Short text fragments from websites
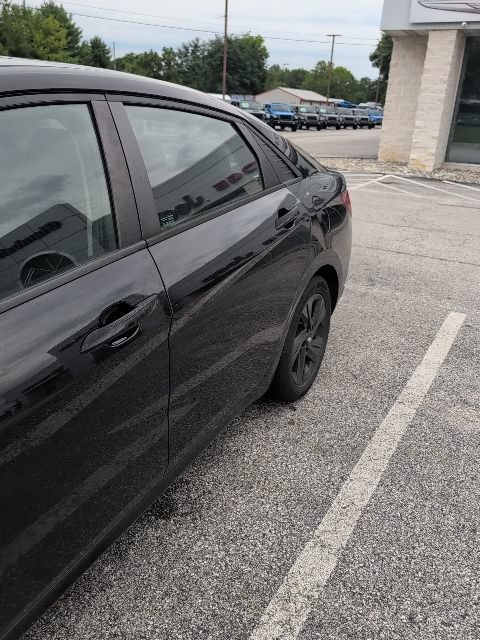 Used 2022 Hyundai Elantra SEL w/ Cargo Package FWD image 4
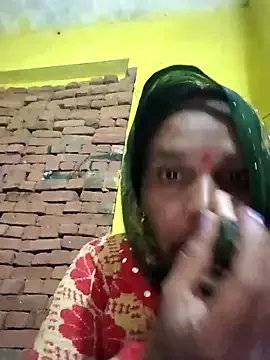 Rubi12A on StripChat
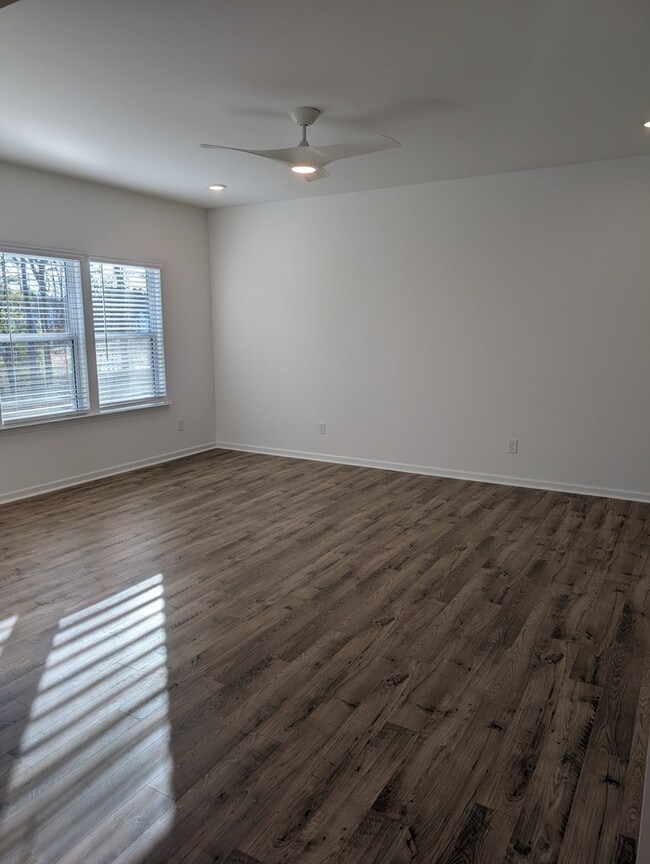 Building Photo - Brand New 4 BD Home in Stonebridge Fairways- Available NOW!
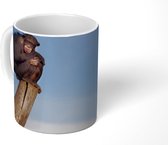Mok - Chimpansee aap op boomstam - 350 ML - Beker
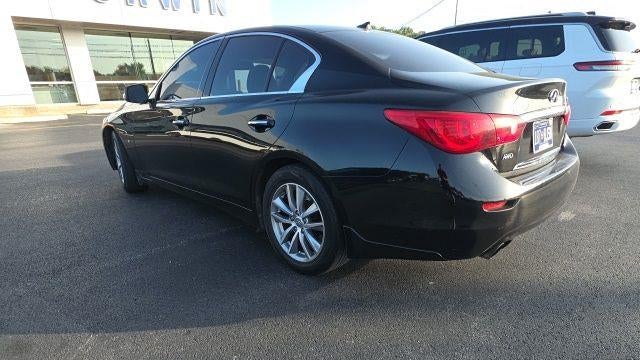 2015 INFINITI Q50 Base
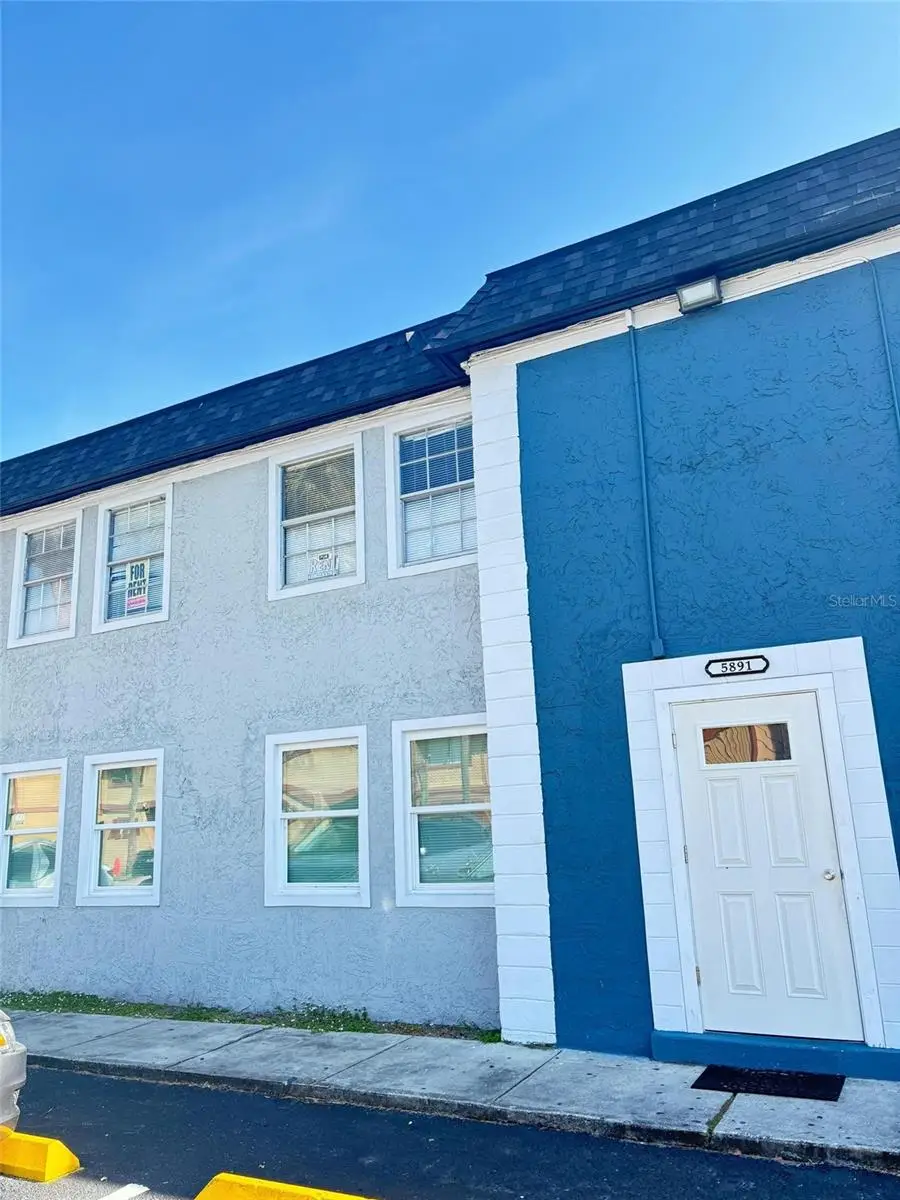 5891 Curry Ford Road #15, Orlando, FL 32822 - Image #2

**Task goal**
All of the records must come back exactly as they stand, minus every picture.

**Response area**
 Used 2022 Hyundai Elantra SEL w/ Cargo Package FWD image 4
 Rubi12A on StripChat
 Building Photo - Brand New 4 BD Home in Stonebridge Fairways- Available NOW!
Mok - Chimpansee aap op boomstam - 350 ML - Beker
 2015 INFINITI Q50 Base
 5891 Curry Ford Road #15, Orlando, FL 32822 - Image #2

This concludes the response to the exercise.